The truth is that most disenfranchised Cherokees simply desire and usually emphatically insist upon only the rightful recognition of their blood. Whether or not they elect to seek recognition should have no bearing whatsoever on how they are viewed by Cherokee leadership and the very fact that they do seek recognition is, more than anything else, simply an end product of the insulting disavowment. Of course, there are exceptions, as there are to all situations, but by and large, the vast majority of the undocumented Cherokees who seek recognition have no interest in obtaining or sharing the paltry benefits; they do not desire to move onto reservation or trust lands or to compete with members of the federal tribes for any reason. They are simply fed up with the constant and unjustifiable insults of being called "wanabees" simply because it does not fit someone else's personal agenda and official recognition offers the only relief. The leaders of the CNO and Eastern Band long ago made a verifiable pact to NOT recognize these people in any way. In fact, they did everything in their power to prevent even the United Keetoowah Band (currently the only other federally recognized Cherokee tribe) from gaining federal recognition and they have continuously attempted to discredit any others of their blood who attempt to organize and seek recognition in any form by publicly referring to them as "wanabees."
In the official newspaper of the Eastern Band of Cherokees, its editor recently referred to members of the three state recognized tribes in Alabama as "twenty dollar Indians." This ridiculous comment was meant (in vain ) to suggest to readers that one could simply pay a twenty dollar fee and become an Indian in Alabama, when in fact the fee they refer to is actually one that all members gladly pay as annual tribal dues or taxes to supplement tribal administration costs because they do not have the luxury of receiving federal funds as some do for such purposes.
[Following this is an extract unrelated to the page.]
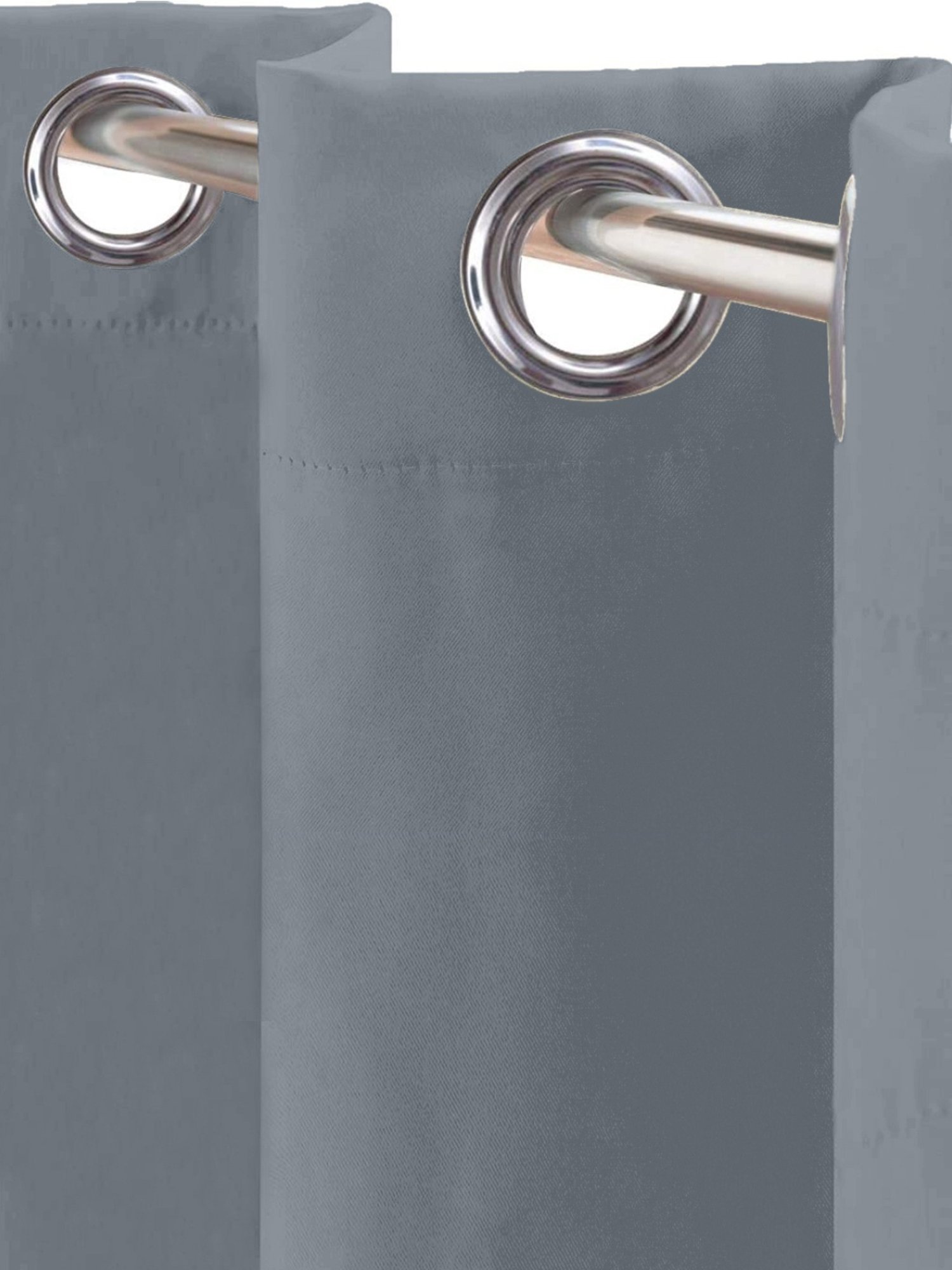 Urban Space Grey Polyester 5 ft Window Blackout Curtain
A recent news release from the Cherokee Nation of Oklahoma similarly referred to all non-federally recognized groups as "bogus."
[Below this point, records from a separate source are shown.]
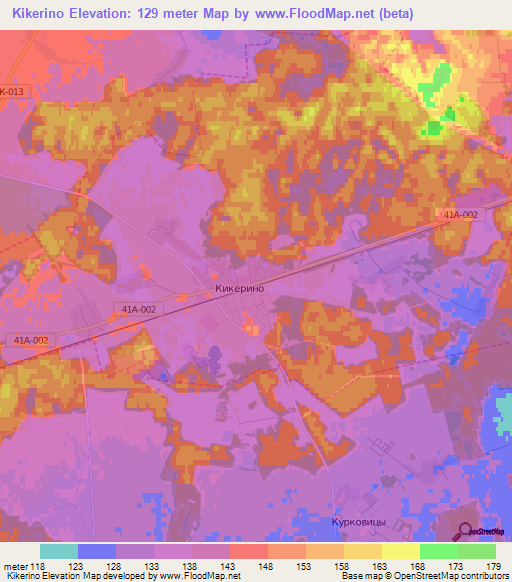 Kikerino,Russia Elevation Map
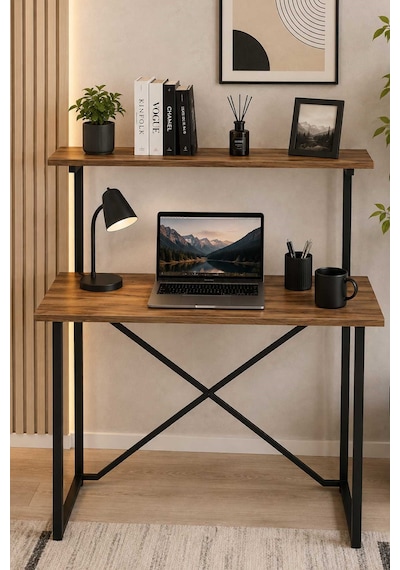 Reyo Falez Kitaplıklı Çalışma Masası Ofis Ve Ders Çalışma Masası Ceviz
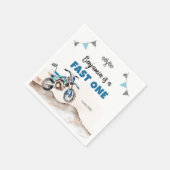 Dirt Bike Fast One Boy Birthday Party スタンダードカクテルナプキン (角)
In this most recent CNO news release, the subject of the article, Michael Johnson, is quoted as saying, " There's a ton of husksters out there preying on people. They offer spirituality, promises of recognition, the possibility of wealth through casinos, whatever. I don't want to align myself with people for political or money motivated goals." His statement confirms that the propaganda and disavowment policies of the CNO and Eastern Band have worked to at least some degree. Mr. Johnson's statement seems to confirm that he believes all groups who are not federally recognized have only devious motivations. How sad! The fact that such people have the drive to organize and seek recognition of their blood that is denied elsewhere makes all people with "undeniable ( but non federally recognized ) Cherokee heritage" stereo typically motivated by only money or politics? How narrow!
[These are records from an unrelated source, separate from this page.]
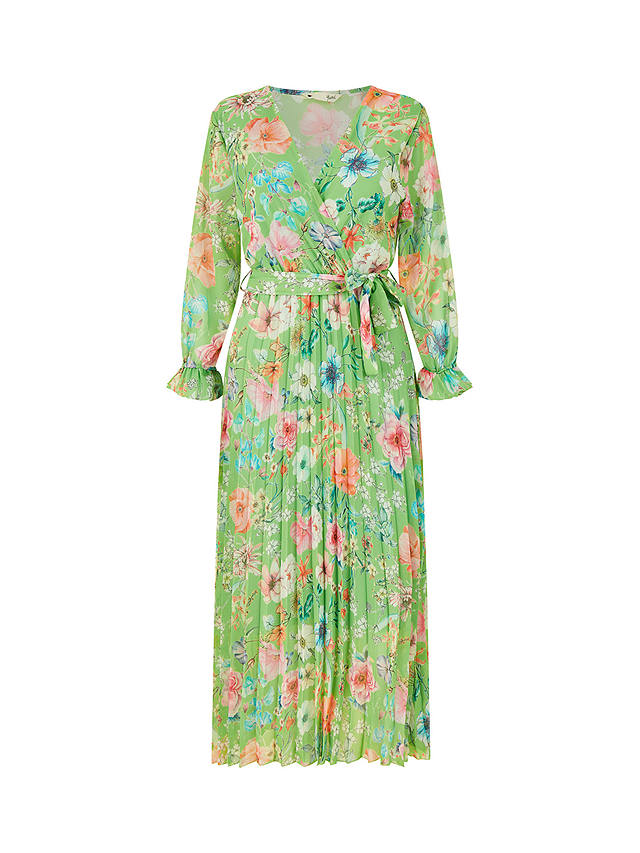 Yumi Floral Pleated Wrap Midi Dress, Green/Multi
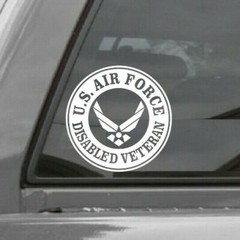 UNITED STATES AIR FORCE DISABLED VETERAN ROUNDEL Vinyl Window Decal Sticker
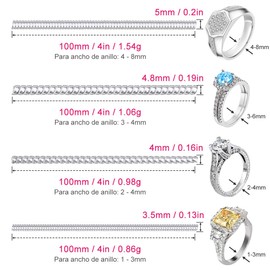 MTQ Ajustador de Anillos, Paquete de 12 Piezas Ajustador de Tamaño de Anillo,Ajustador de Anillo Invisible de Resorte Transparente, 4 Tamaños Ajustables a Casi Cualquier Anillo, Durable y Cómodo.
Certainly, there are groups out there that include some individuals who really are bogus and guilty of such atrocities, but they are to be found within the federal tribes just as they are in others and the federal Cherokee tribes are certainly no exception. If you doubt this, pick up any of the Indian newspapers and read of the hoaxes, embezzlements, sale of spirituality and all the same other daily crimes common among all people. No respectable person would argue that this should be condoned or supported. This is not just a problem among the Cherokees, but with all tribes. Nevertheless, there are far more whose only motivation is to express pride of heritage, take part in organized events to that end, to learn and help perpetuate the memories and culture of those gone before and, above all, to enjoy the respect due them by virtue of their blood birthrights. What right does anyone have, especially Cherokee leadership, to condemn all for the selfish and unacceptable acts of a few?
Hopefully, Mr. Johnson will follow the lead of tens of thousands of others who have investigated a little further and learned that the vast majority of these with "undeniable Cherokee heritage" are just that, and as admirable and honestly motivated as they come. Denying himself affiliation with other tribes or groups simply because the federal tribes insist on wrongfully disavowing them or considering them controversial should not be the factors that determine his participation. Only two things should enter into that decision - personal choice, which he and everyone else is certainly entitled to, and what is morally and ethically right. By his own admissions, he has obviously judged all others who seek recognition on the basis of propaganda extolled by the leadership of the federal Cherokee tribes. One cannot help but wonder if his attitude would be the same if he had instead always heard CNO and Eastern Band leadership embrace the members of at least some of the creditable "other" groups as their "undocumented brothers and sisters?"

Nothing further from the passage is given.